Politics & Policy

Czar Charlie, &c.

We expect today’s royals, such as the Windsors in Britain, to behave democratically, but why should they, when other elites don’t? Prince Charles wants a ban on McDonald’s; he is against their food, apparently, and doesn’t want anyone else to be able to eat it. This is shockingly antidemocratic — or rather, it would be, if so many who think of themselves as democrats didn’t agree with it.

If Charlie wants to stick to the royal kitchens and avoid McDonald’s, that’s fine with me. But he would prevent me from going? Look, there’s a lot of behavior I find appalling — the prince has exemplified some of it — but I wouldn’t make all of it illegal.

I understand this is Politics or Civics 101, but I know that readers forgive me the super-elementary.

‐Less forgivable is John Edwards, the Democratic presidential candidate. He put on quite a performance in New Hampshire the other day (as you can see in this article).

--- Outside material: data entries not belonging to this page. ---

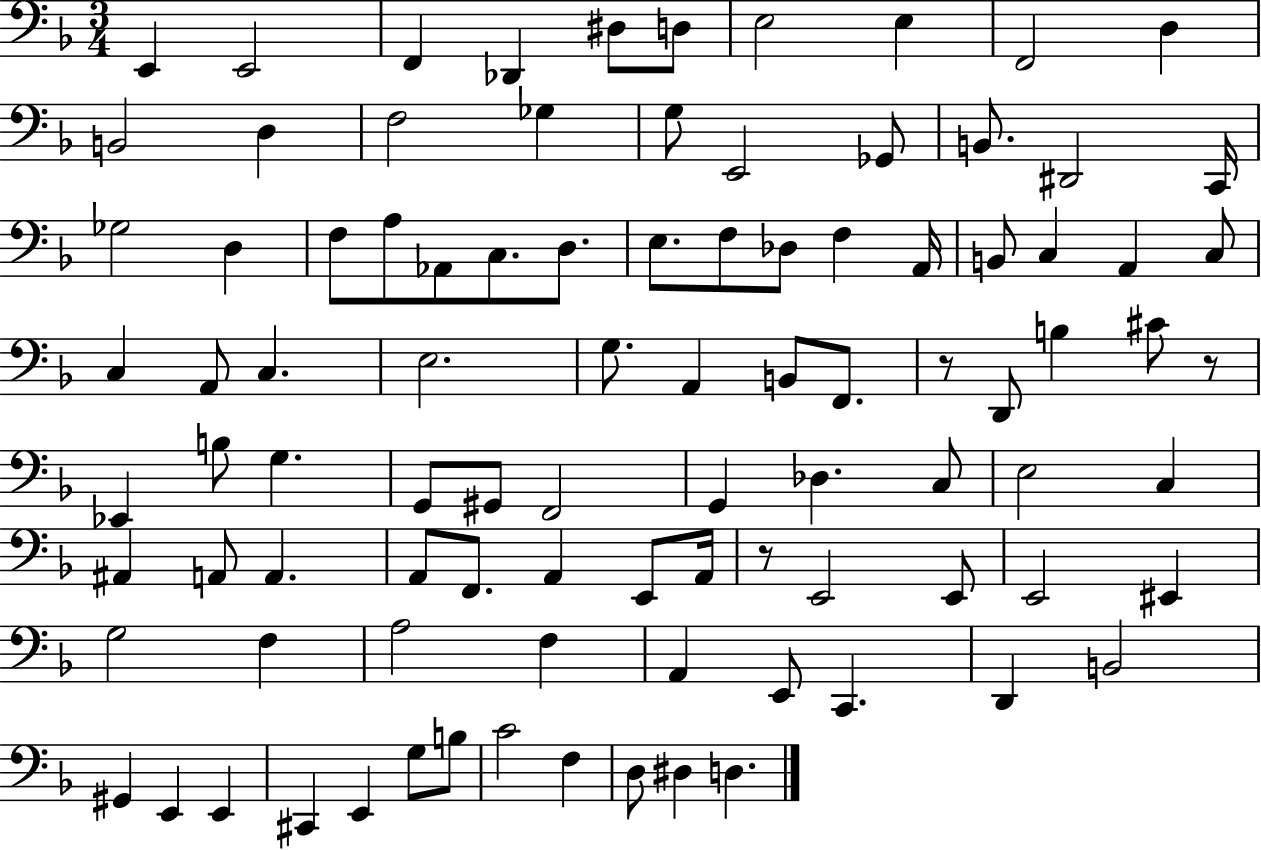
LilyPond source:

{
  \clef bass
  \numericTimeSignature
  \time 3/4
  \key f \major
  \repeat volta 2 { e,4 e,2 | f,4 des,4 dis8 d8 | e2 e4 | f,2 d4 | \break b,2 d4 | f2 ges4 | g8 e,2 ges,8 | b,8. dis,2 c,16 | \break ges2 d4 | f8 a8 aes,8 c8. d8. | e8. f8 des8 f4 a,16 | b,8 c4 a,4 c8 | \break c4 a,8 c4. | e2. | g8. a,4 b,8 f,8. | r8 d,8 b4 cis'8 r8 | \break ees,4 b8 g4. | g,8 gis,8 f,2 | g,4 des4. c8 | e2 c4 | \break ais,4 a,8 a,4. | a,8 f,8. a,4 e,8 a,16 | r8 e,2 e,8 | e,2 eis,4 | \break g2 f4 | a2 f4 | a,4 e,8 c,4. | d,4 b,2 | \break gis,4 e,4 e,4 | cis,4 e,4 g8 b8 | c'2 f4 | d8 dis4 d4. | \break } \bar "|."
}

Let’s review a little history: Back in the Carter days, a lot of people said that the presidency had gotten too big and powerful, and that it was too big a job for one man. Maybe we should split up its responsibilities? This was a quite common view, or concern. Then Reagan came along — and, when he ran for reelection in 1984, his men ran an ad that said (something close to), “Remember when they asked whether the presidency was too big a job for one man? They’re not asking that anymore.” Glorious shot of Reagan, waving while riding in an open car, I believe.

Anyway, a lady in New Hampshire says to Edwards, “Would you be willing to say [the presidency] is too much power for one person?” And Edwards responds, “I would absolutely say that.” Not just yes, but absolutely yes. In this case, Edwards perhaps should not be running for the job.

But there is considerably worse. I will quote the AP:

“(Bush) was not given authority to police a civil war, which is what he is doing now,” Edwards said.

He borrowed an analogy from his wife, Elizabeth — sitting nearby on the floor, leaning against a couch — and said the U.S. approach is like a parent scolding a child for not making his bed and then making the bed for him repeatedly.

“We’re continuing to enable this bad behavior,” Edwards said.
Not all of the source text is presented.